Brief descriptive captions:
*** Begin section ***
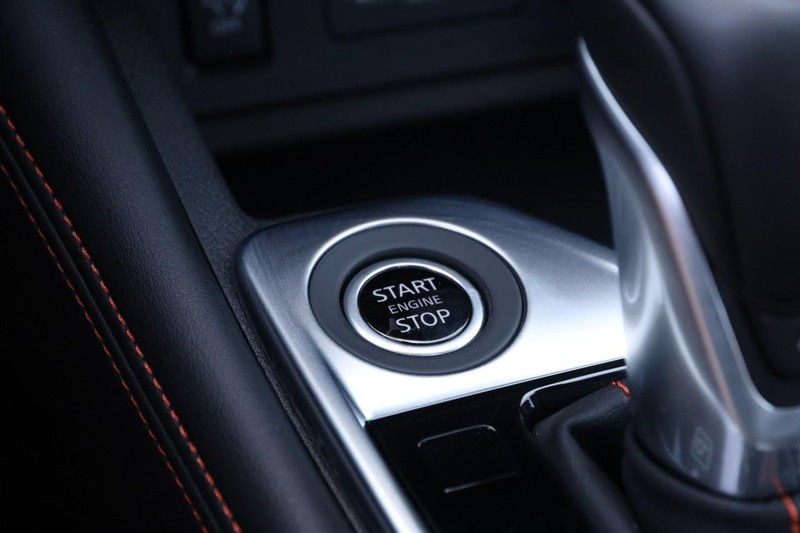 Nissan Sentra Vehicle Image 18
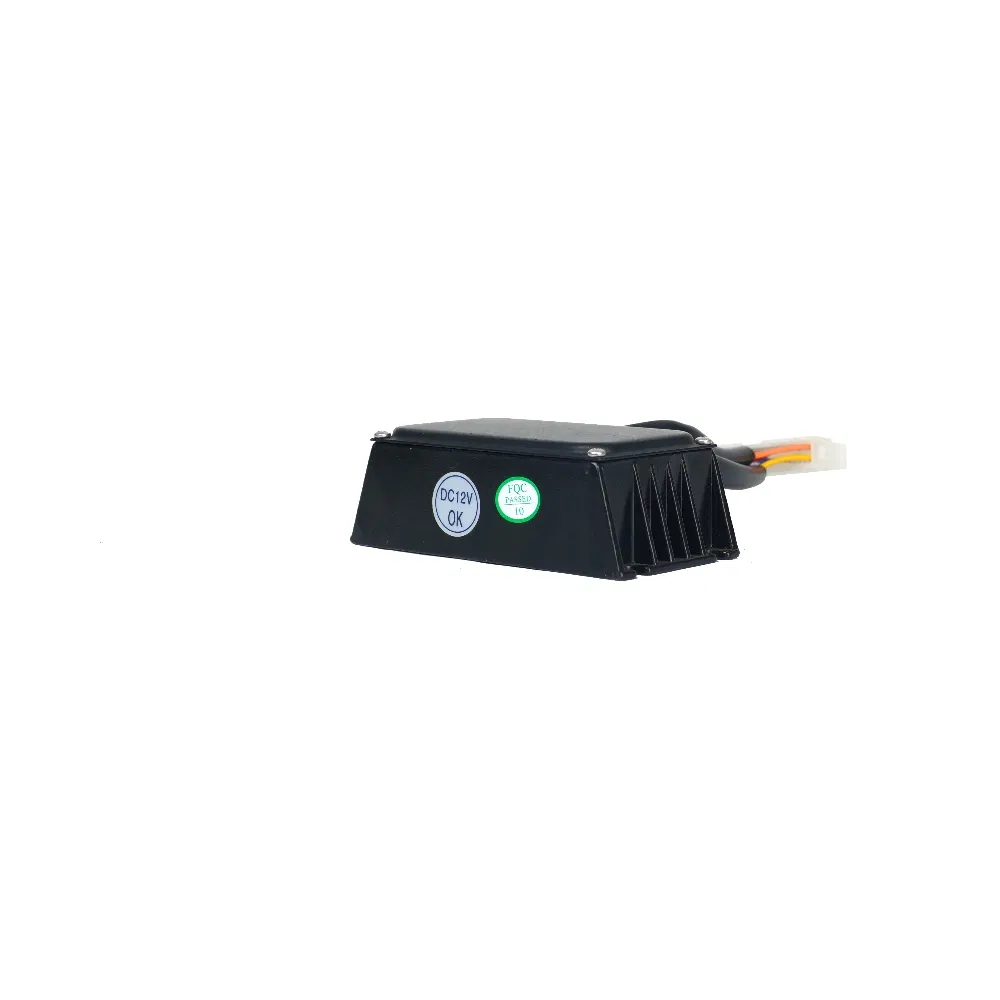 Waterproof LED Control Module MK37/MK37A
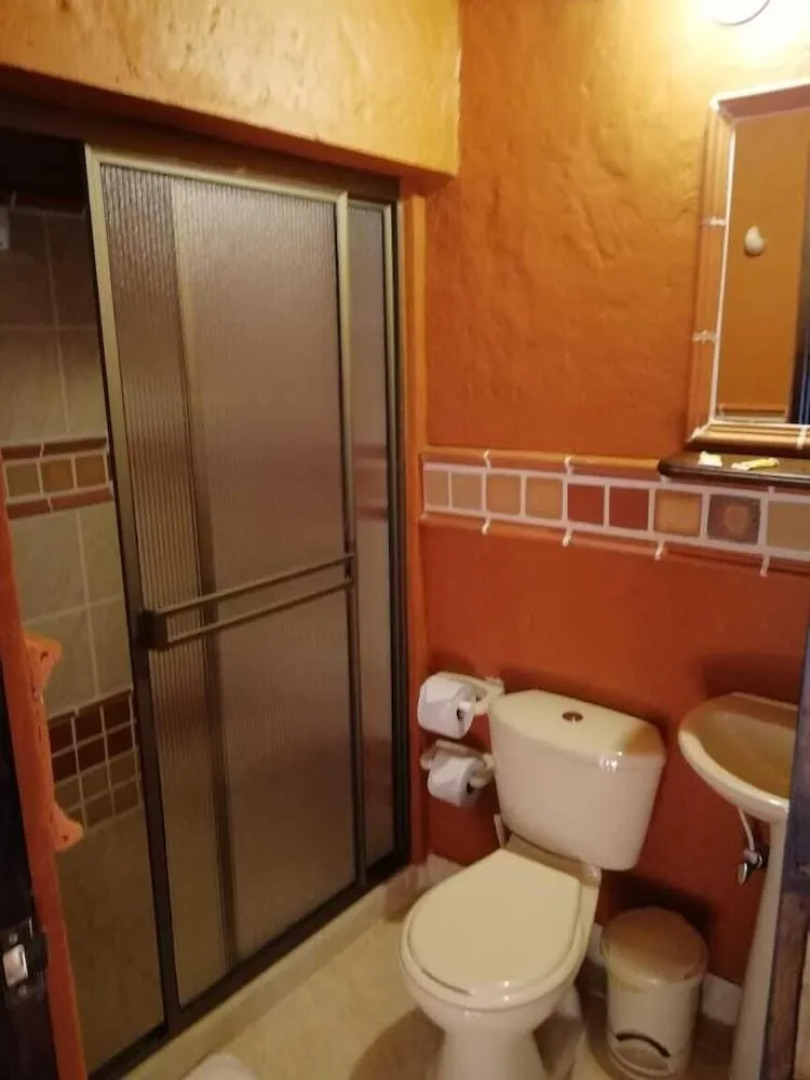 Hosteria Tonusco Campestre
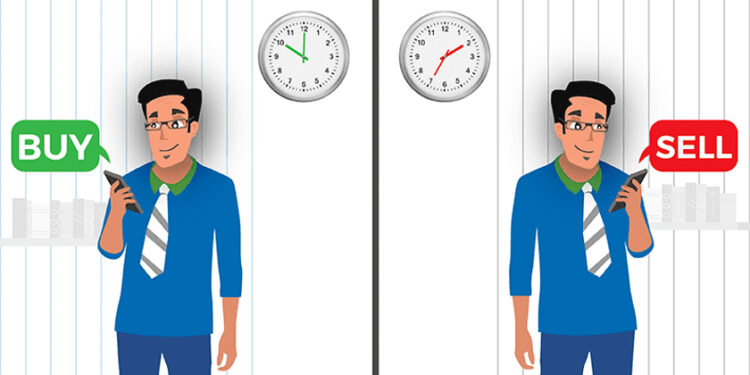 സ്റ്റോക്കുകള് എത്രകാലം ഹോള്ഡ് ചെയ്യണമെന്ന ആശയക്കുഴപ്പം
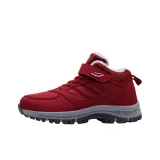 MX2093 Женский Бордовый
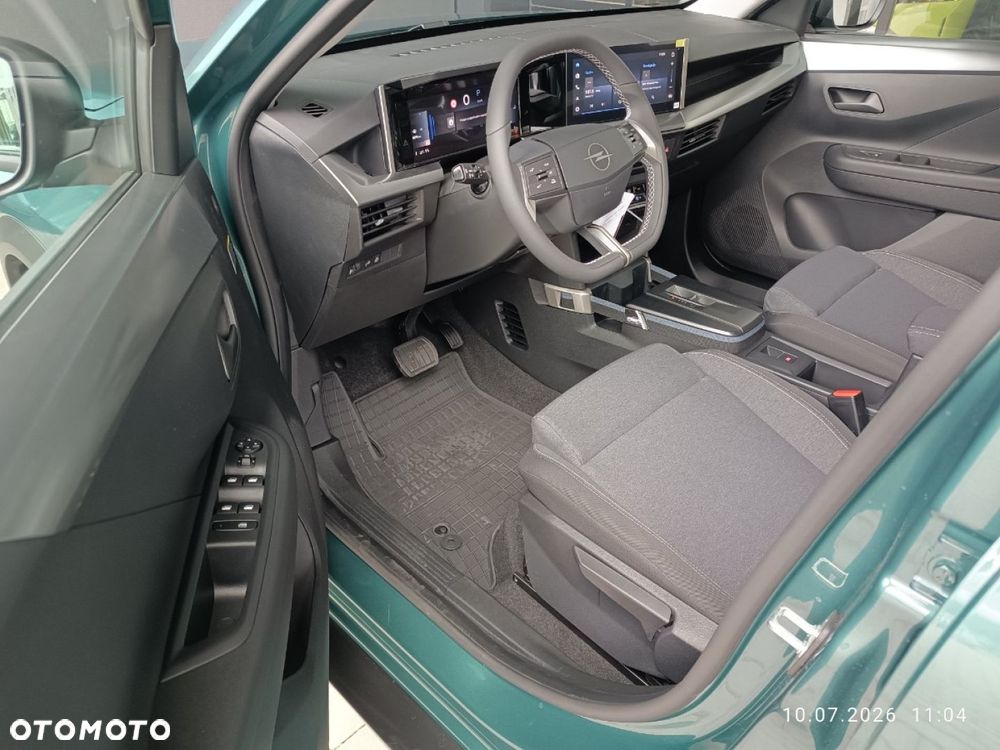 Opel Frontera - 13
*** End section ***
• _Problem to work on_:
The reply has to reproduce every line above verbatim and contain no pictures.

• _Exercise result_:
 Nissan Sentra Vehicle Image 18
 Waterproof LED Control Module MK37/MK37A
 Hosteria Tonusco Campestre
 സ്റ്റോക്കുകള് എത്രകാലം ഹോള്ഡ് ചെയ്യണമെന്ന ആശയക്കുഴപ്പം
 MX2093 Женский Бордовый
 Opel Frontera - 13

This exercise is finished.